There has been little indication of exactly what content will and won't be flagged--i.e., some or all high-definition programming. However, TV Technology engineering consultants have noted that stations may not be keen on hiring someone to oversee an "on/off" switch on the flag bitstream. Consequently, it's conceivable that news programs will be flagged, which the petitioners cite as a big boot on the back of First Amendment discourse.

Even if only some news content were flagged, for example, Vanderbilt University would be looking at replacing equipment in the $100,000 recording facilities of its Television News Archive, according to the brief. The archive provides licensed news clips to more than 140 subscribers via the Internet.

"The flag would foreclose on this type of use for broadcast news programs," the filing stated.

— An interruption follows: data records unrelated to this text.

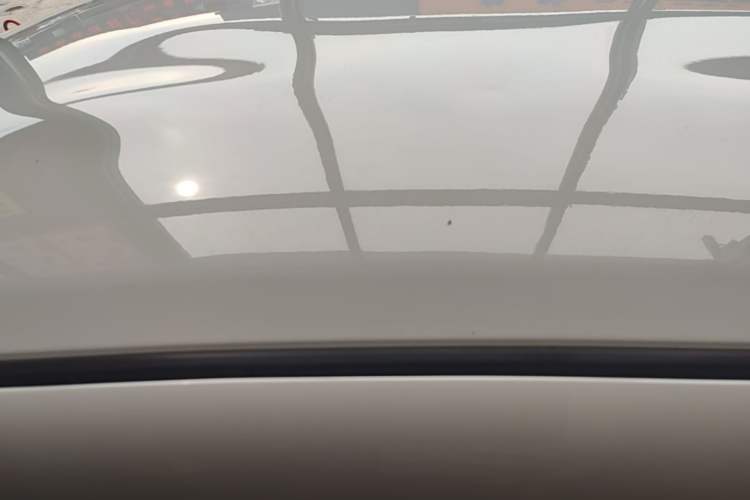 Used Toyota Vios FS 2021 1.5L CVT Fengchi Edition Roof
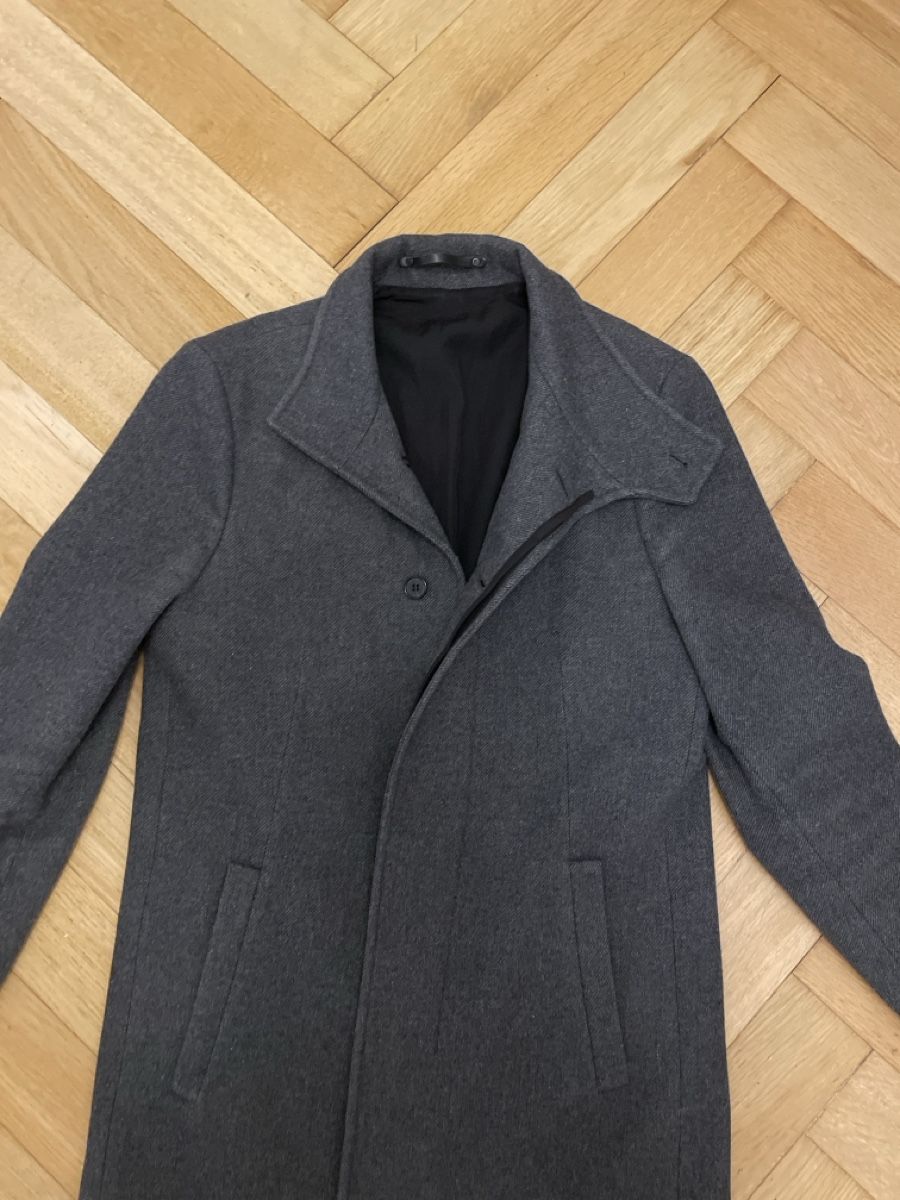 Allsaints Cappotti: Manteau élégant All Saints – Nuovo (secondo la descrizione) da Genève venduto da Videdress22 2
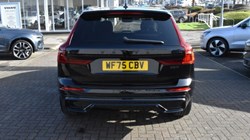 2025 (75) VOLVO XC60 2.0 B5P Plus Black Edition 5dr AWD Geartronic 5128538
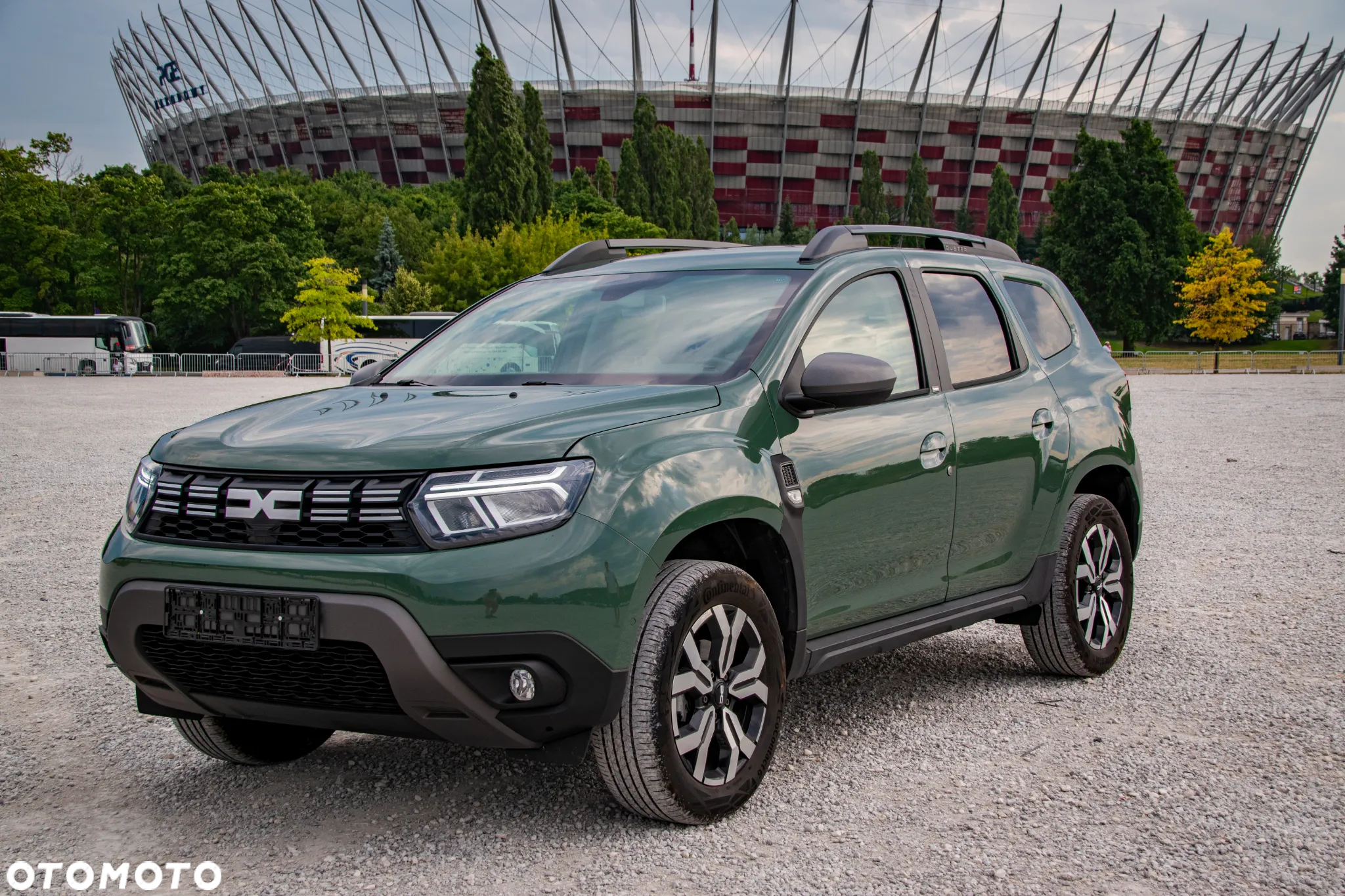 Dacia Duster 1.0 TCe Journey - 5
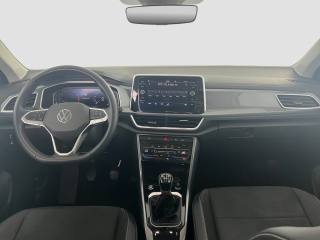 VOLKSWAGEN T-Roc usata 10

Only one member among the petitioners could be driven out of business by the flag. Jack Kelliher, president of pcHDTV in Sandy, Utah, makes a $170 Linux-based HDTV card. Making it flag-compliant would boost the price to between $350 and $400, Kelliher said.

"Our targeted market would not respond well to a $350 card," he said.

Internet redistribution of digital content was also the subject of oral arguments Tuesday in the Supreme Court in MGM v. Grokster. The movie mogul plaintiffs in the case claim that the file-sharing geek defendants are liable for copyright infringement.

The Ninth Circuit Court of Appeals in San Francisco found otherwise two years ago in a ruling that essentially upheld the mother of all content decisions--the Betamax opinion (Sony v. Universal City Studios). In Betamax, the Supreme Court in 1984 found that selling copying equipment did not contribute to infringement. The ruling allowed VCRs into the market.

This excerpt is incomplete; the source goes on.